▶ [WORK REQUEST]: The records that follow are to be repeated exactly, with no pictures carried over.

### SOURCE INFORMATION ###

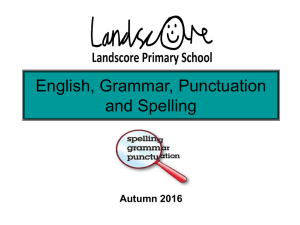 Teaching Grammar and Punctuation- Part 1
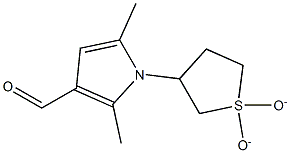 1-(1,1-dioxidotetrahydrothien-3-yl)-2,5-dimethyl-1H-pyrrole-3-carbaldehyde Struktur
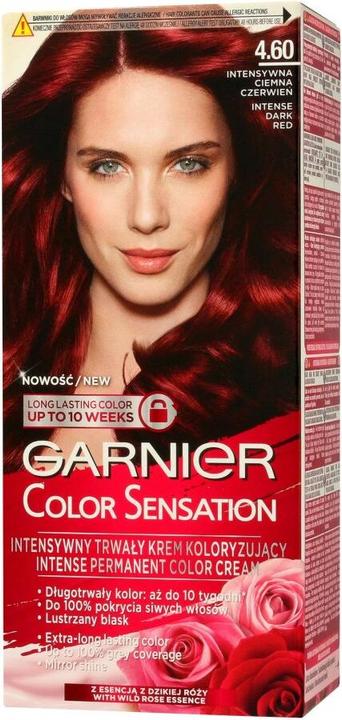 Produktbild Garnier GAR COLOR SENSATION 4.60 Red Brown (4.60, Intense Dark Red)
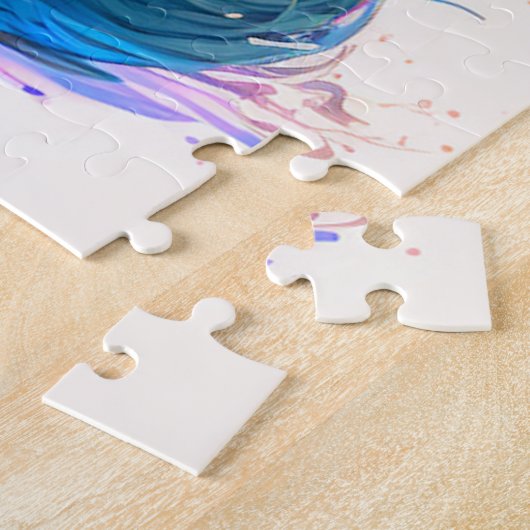 Puzzle Illustration d'artiste majestic Kitty Cat (Côté)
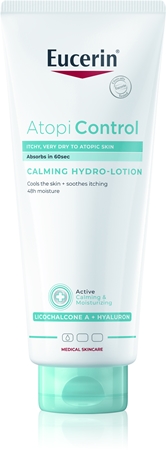 Eucerin AtopiControl Calming Hydro-Lotion zklidňující krémový neparfémovaný gel pro suchou a podrážděnou pokožku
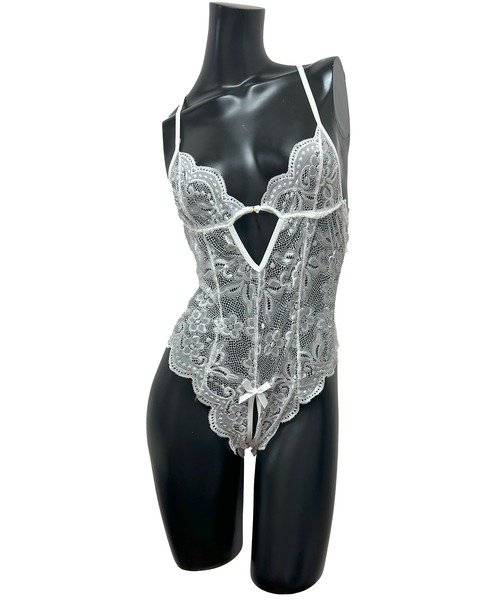 セール】フラワーレースボディスーツランジェリー（その他アンダー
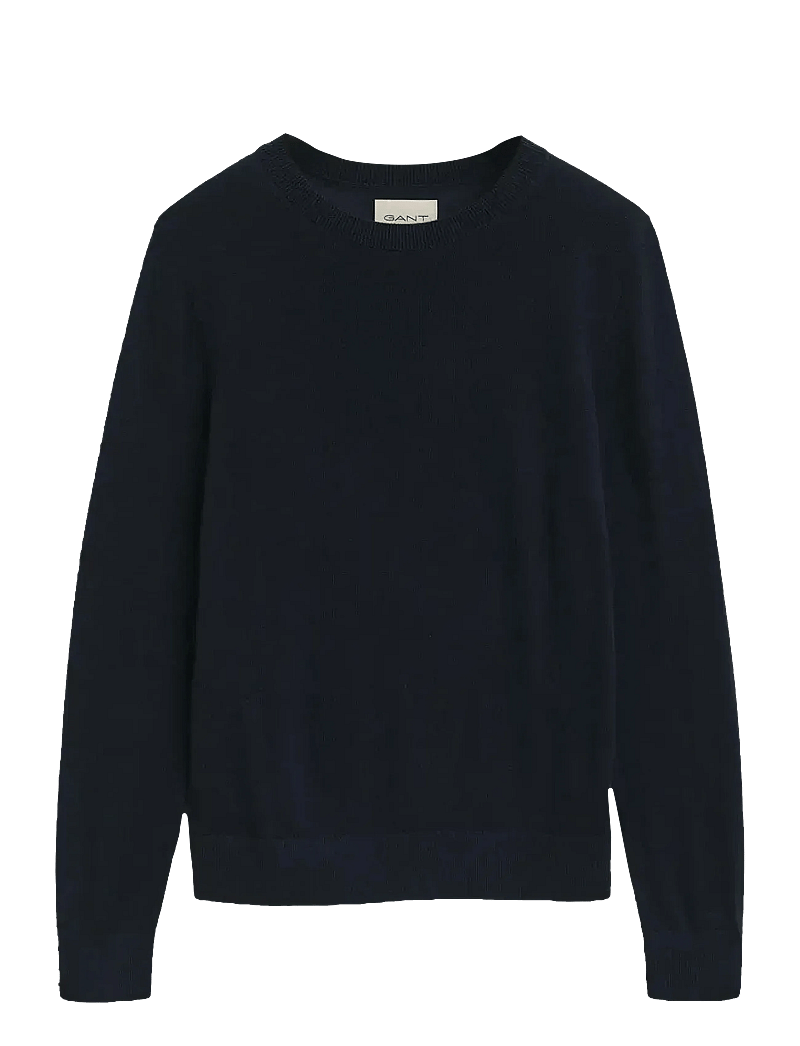 GANT - EXTRAFINE MERINO WOOL C-NECK - striktrøjer - evening blue - 1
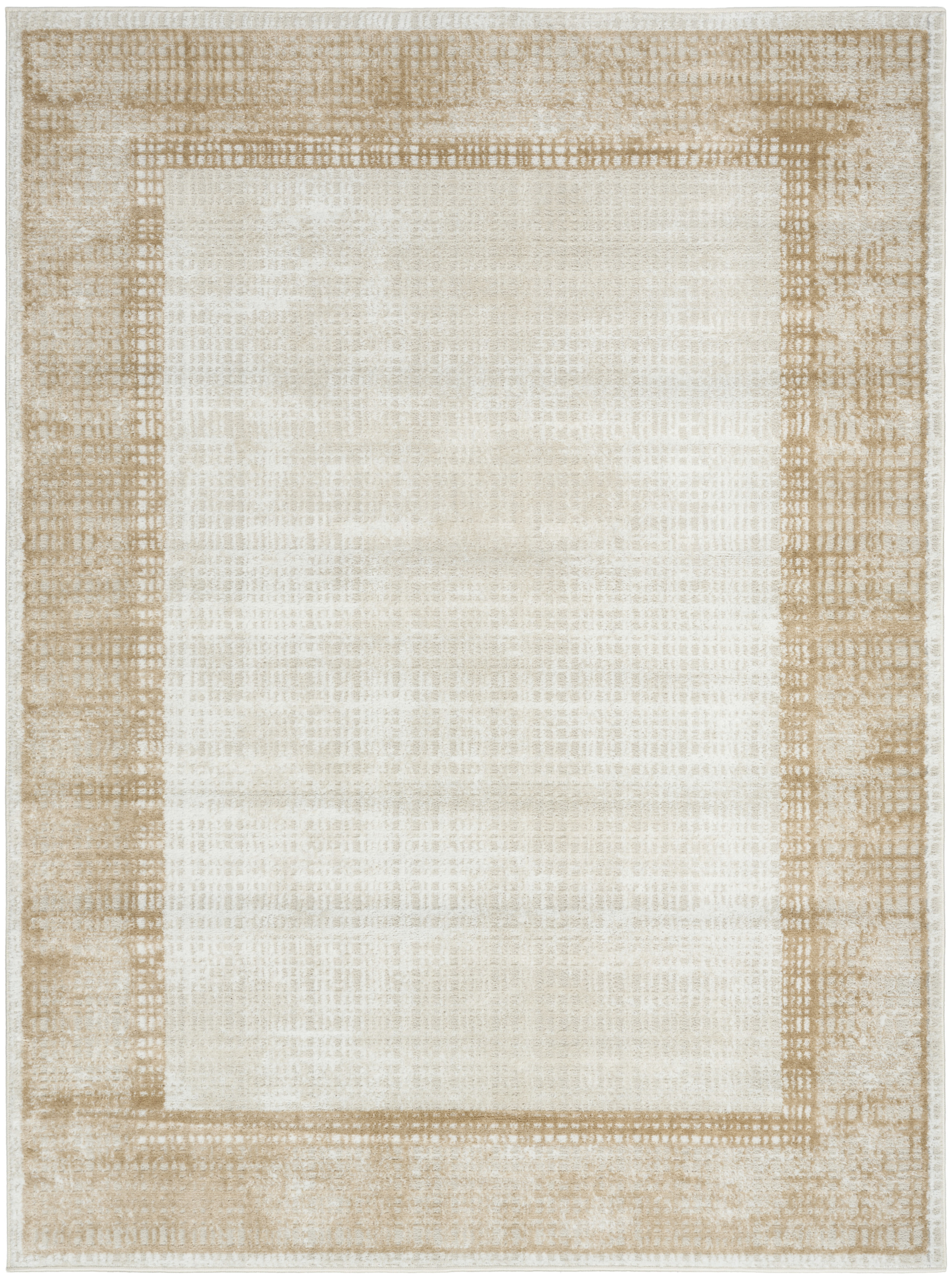 Nourison Dekor 4' x 6' Ivory Beige Modern Indoor Rug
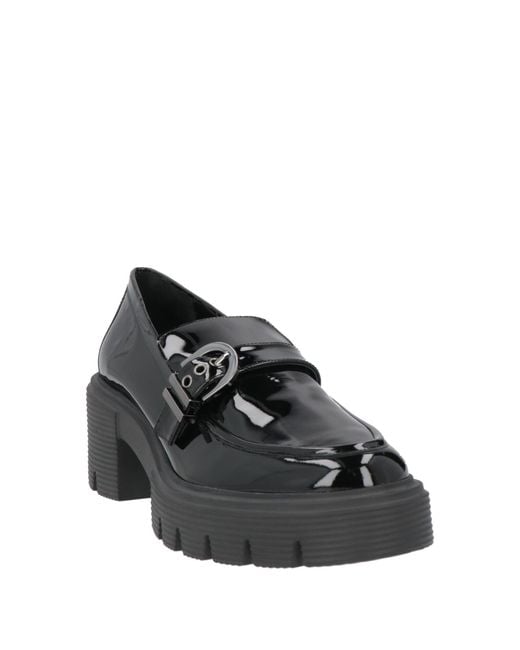 Stuart Weitzman Black Mokassin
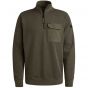 PME-Legend Half zip collar knit look jersey Beluga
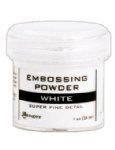 Ranger - Embossing Powder - White Super Fine Detail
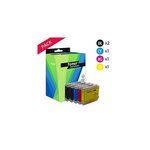 Compatible Brother LC1000VALBP Pack 5 Cartouches Noir/couleurs (Lune)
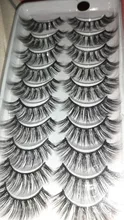 Faux-Mink-Eyelashes Makeup Dramatic New2-10pairs Natural-Thick Long 3D Maquiagem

###

▶ [PROBLEM SOLUTION]:
 Teaching Grammar and Punctuation- Part 1
 1-(1,1-dioxidotetrahydrothien-3-yl)-2,5-dimethyl-1H-pyrrole-3-carbaldehyde Struktur
 Produktbild Garnier GAR COLOR SENSATION 4.60 Red Brown (4.60, Intense Dark Red)
 Puzzle Illustration d'artiste majestic Kitty Cat (Côté)
 Eucerin AtopiControl Calming Hydro-Lotion zklidňující krémový neparfémovaný gel pro suchou a podrážděnou pokožku
 セール】フラワーレースボディスーツランジェリー（その他アンダー
 GANT - EXTRAFINE MERINO WOOL C-NECK - striktrøjer - evening blue - 1
 Nourison Dekor 4' x 6' Ivory Beige Modern Indoor Rug
 Stuart Weitzman Black Mokassin
 PME-Legend Half zip collar knit look jersey Beluga
 Ranger - Embossing Powder - White Super Fine Detail
 Compatible Brother LC1000VALBP Pack 5 Cartouches Noir/couleurs (Lune)
 Faux-Mink-Eyelashes Makeup Dramatic New2-10pairs Natural-Thick Long 3D Maquiagem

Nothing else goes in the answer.